What this task involves: From the top of the entries below through the line containing "Solid Color Embroidery", return every line exactly as written, please, and stop there.
#### Dataset content
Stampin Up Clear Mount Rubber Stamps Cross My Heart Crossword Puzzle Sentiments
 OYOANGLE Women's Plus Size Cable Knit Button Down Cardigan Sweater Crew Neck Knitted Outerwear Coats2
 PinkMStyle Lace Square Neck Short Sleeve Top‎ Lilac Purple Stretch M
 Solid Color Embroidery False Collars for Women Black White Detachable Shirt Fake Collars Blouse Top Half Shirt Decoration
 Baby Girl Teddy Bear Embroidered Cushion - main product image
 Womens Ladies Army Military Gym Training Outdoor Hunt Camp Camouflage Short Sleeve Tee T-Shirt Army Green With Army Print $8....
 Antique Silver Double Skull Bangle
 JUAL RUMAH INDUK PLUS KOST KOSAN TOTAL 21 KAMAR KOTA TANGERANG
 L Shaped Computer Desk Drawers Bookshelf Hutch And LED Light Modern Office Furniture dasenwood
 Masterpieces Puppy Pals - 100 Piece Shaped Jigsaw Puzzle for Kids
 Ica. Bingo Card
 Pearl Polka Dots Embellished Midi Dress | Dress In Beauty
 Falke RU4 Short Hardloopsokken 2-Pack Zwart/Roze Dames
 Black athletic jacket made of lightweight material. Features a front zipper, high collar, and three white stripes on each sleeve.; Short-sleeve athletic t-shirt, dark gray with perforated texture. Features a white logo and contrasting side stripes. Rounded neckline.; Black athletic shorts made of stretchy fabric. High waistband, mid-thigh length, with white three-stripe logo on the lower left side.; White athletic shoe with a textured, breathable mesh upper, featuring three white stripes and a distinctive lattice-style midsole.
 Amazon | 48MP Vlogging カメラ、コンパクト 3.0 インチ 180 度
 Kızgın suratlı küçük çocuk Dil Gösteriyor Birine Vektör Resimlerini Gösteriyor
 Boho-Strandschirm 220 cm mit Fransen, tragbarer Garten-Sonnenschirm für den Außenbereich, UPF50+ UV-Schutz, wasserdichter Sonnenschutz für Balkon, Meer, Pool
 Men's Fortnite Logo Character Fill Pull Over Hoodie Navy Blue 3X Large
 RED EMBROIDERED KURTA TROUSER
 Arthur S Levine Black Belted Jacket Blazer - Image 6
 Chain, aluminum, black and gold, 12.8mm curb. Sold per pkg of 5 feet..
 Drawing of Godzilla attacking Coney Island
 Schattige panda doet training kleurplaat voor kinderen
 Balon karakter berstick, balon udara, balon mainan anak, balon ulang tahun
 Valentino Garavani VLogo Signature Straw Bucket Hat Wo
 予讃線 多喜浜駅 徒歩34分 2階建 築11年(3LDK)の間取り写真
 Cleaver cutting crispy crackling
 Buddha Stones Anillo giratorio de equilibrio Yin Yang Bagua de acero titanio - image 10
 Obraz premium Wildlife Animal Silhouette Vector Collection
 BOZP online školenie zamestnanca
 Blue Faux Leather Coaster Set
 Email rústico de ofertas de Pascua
########
Exercise output:
Stampin Up Clear Mount Rubber Stamps Cross My Heart Crossword Puzzle Sentiments
 OYOANGLE Women's Plus Size Cable Knit Button Down Cardigan Sweater Crew Neck Knitted Outerwear Coats2
 PinkMStyle Lace Square Neck Short Sleeve Top‎ Lilac Purple Stretch M
 Solid Color Embroidery False Collars for Women Black White Detachable Shirt Fake Collars Blouse Top Half Shirt Decoration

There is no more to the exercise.